In many industries, project-based firms — companies organized around completing customized projects for clients — are common. New research offers insights into the leadership — and politics — that typify these organizations.
In industrial sectors such as consulting, advertising, filmmaking, software, architecture, engineering and construction – where activities tend to be organized through the delivery of projects aimed at meeting the highly differentiated and customized needs of clients – most individual businesses, by definition, are “project-based firms.” They depend on executing discrete task-oriented packages for clients, often through temporary coalitions with other project-based organizations, and on routinely combining knowledge and skills in new ways.
The authors propose the concept of “baronies” to describe the organizational units that direct the projects within project-based firms.

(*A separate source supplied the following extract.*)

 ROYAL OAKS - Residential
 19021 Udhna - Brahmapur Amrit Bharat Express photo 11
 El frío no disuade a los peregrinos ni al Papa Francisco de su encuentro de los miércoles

This metaphor is appropriate because it describes entities that often are led by powerful individuals (“barons”) who exhibit competitive, protective and entrepreneurial behaviors. Drawing on over 200 interviews with project managers and company leaders conducted in 40 project-based firms in eight countries, this article highlights the roles that barons play in three basic types of project-based firms: dominions, tight federations and loose federations.
In dominions, all baronies must respond to strict procedures established by the center; while the management of projects is decentralized, the power of project managers is limited. In tight federations, by contrast, barons have considerable autonomy with respect to project creation and execution, even though well-developed central departments place some limits on barons’ decision-making power. Loose federations are characterized by strong barons, weak central control and low levels of central services; barons independently bid for and manage their own projects and resources.
The authors examine the management implications of baronies in these three basic types of governance, highlighting the trade-offs made by firms in three areas of management behavior: synthesizing (transferring knowledge and experience across projects); spawning (the creation of new entrepreneurial endeavors); and squirreling (a baron’s diversion of resources, frequently concealed, for discretionary use).